The founder and owner of UK energy company Ecotricity said Labour’s Great British Energy company could also “make its mark” by helping to foster a national programme of solar rooftop installations to boost clean energy supplies.

The eco-entrepreneur is one of the party’s most generous supporters having donated £5mn over the past 12 months, including £1mn on the day after the general election was called.

His support has helped Sir Keir Starmer’s party to reduce its reliance on contributions from trade unions, some of which are concerned about its plans to stop issuing new oil and gas exploration licences.  

Speaking to the Financial Times, Vince said: “I don’t see GB Energy competing with the private sector for wind farms and that kind of stuff. I don’t see that it needs to. But what it could do is invest in and dominate, and in effect lead a new technology.” 
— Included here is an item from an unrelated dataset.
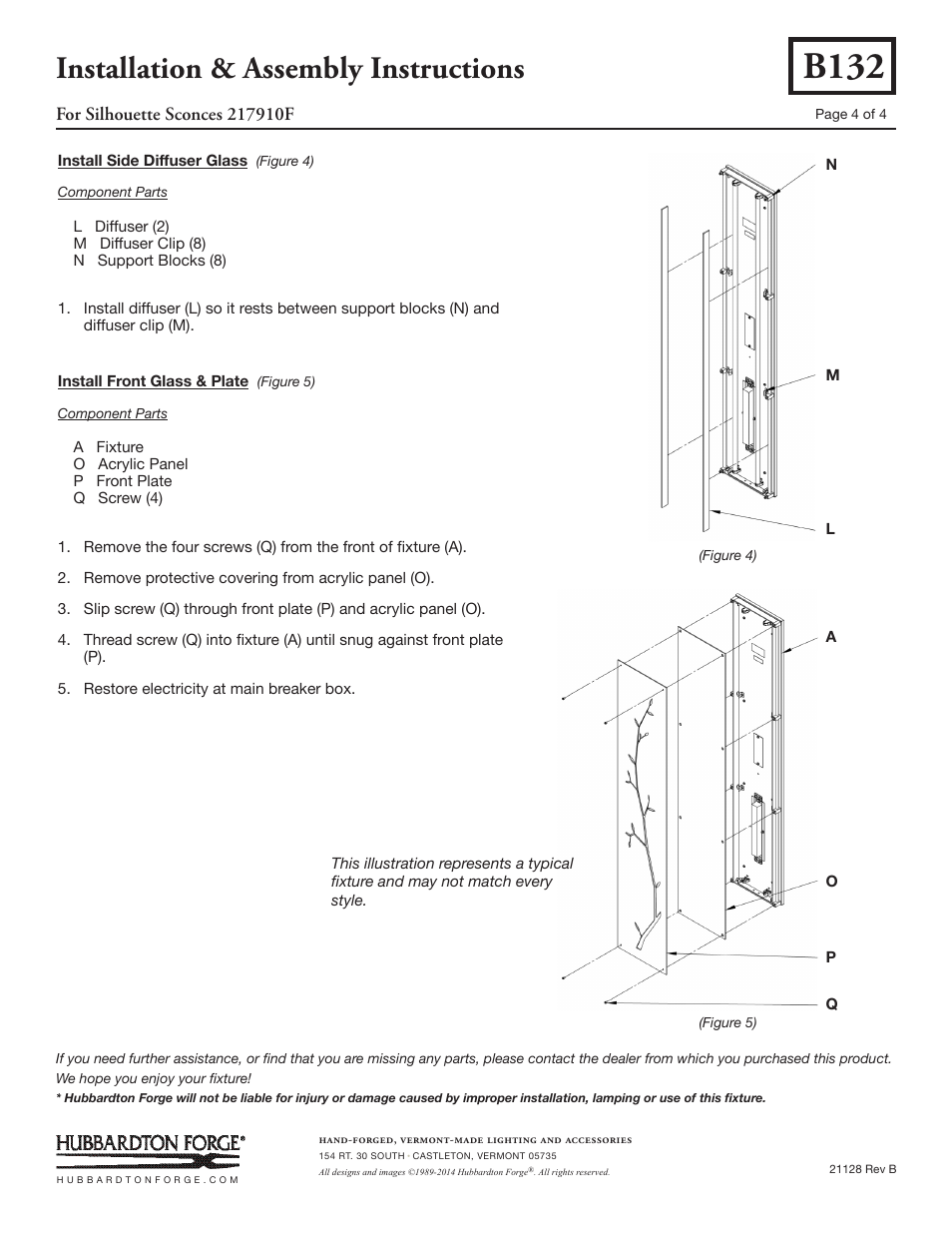 B132, Installation & assembly instructions | Hubbardton Forge 217910 User Manual | Page 4 / 4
Asked if he would be seeking support from GB Energy, Vince said: “I don’t want support for my projects, I’m not interested, life’s too short to be chasing money, it really is,” adding: “I just want to see change.” 
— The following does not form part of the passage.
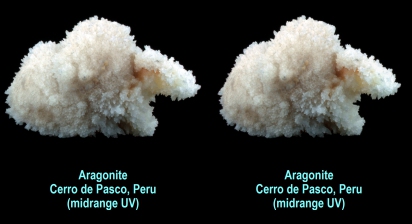 Aragonite - Cerro de Pasco, Peru (midrange UV)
Formerly a big donor to the anti-fossil fuel campaign group Just Stop Oil, Vince has urged voters not to back the Green party in the election on July 4, arguing that Labour needs a large majority to enact its plans.

Setting up a state-owned energy company is a key plank of the party’s “green prosperity plan” under which, if elected, it plans to invest £5bn a year over the next parliament to increase the UK’s supply of renewables and energy efficiency. 

Labour, which has a lead or more than 20 points in opinion polls, has put energy at the centre of its campaign, pledging to cut carbon emissions from electricity generation to net zero by 2030 — a target that some industry experts believe is unrealistic.

About 32 per cent of Britain’s electricity came from gas-fired power plants last year, with more than 55 per cent from low-carbon sources including wind, solar and nuclear.

GB Energy, which will be based in Scotland, will “deliver clean power by co-investing in leading technologies”, according to the party’s manifesto, as well as supporting capital-intensive projects and local energy production. 

Vince said there was scope for the state-owned body to create a “national programme” in various different areas.

“We’ve studied the solar potential of rooftops in Britain . . . GB Energy, or the government itself, could lead a programme of national solar rooftop installation alongside energy efficiency, and I think alongside batteries as well,” he said.

“I think it’s there that GB Energy could make its mark,” he added. 

Ecotricity supplies energy to roughly 200,000 UK homes and businesses and also generates electricity from wind and solar farms dotted around England.

Last year, the company built a “green gas” plant in Reading, Berkshire, which uses anaerobic digestion to turn grass into biomethane. Vince has argued that grass-to-gas is a “big opportunity” as a solution for low-carbon home heating and is planning further plants.

The company is also working on a tidal power project off the south-west coast of England. “It’ll be tricky to finance the first one,” Vince said.

The Labour donor said he had met Starmer “probably two or three times” but had known Ed Miliband, shadow energy secretary, for several years through his political work. 

“Over the years we have been in touch quite frequently,” he said. “He [Miliband] is a good guy. He gets it.”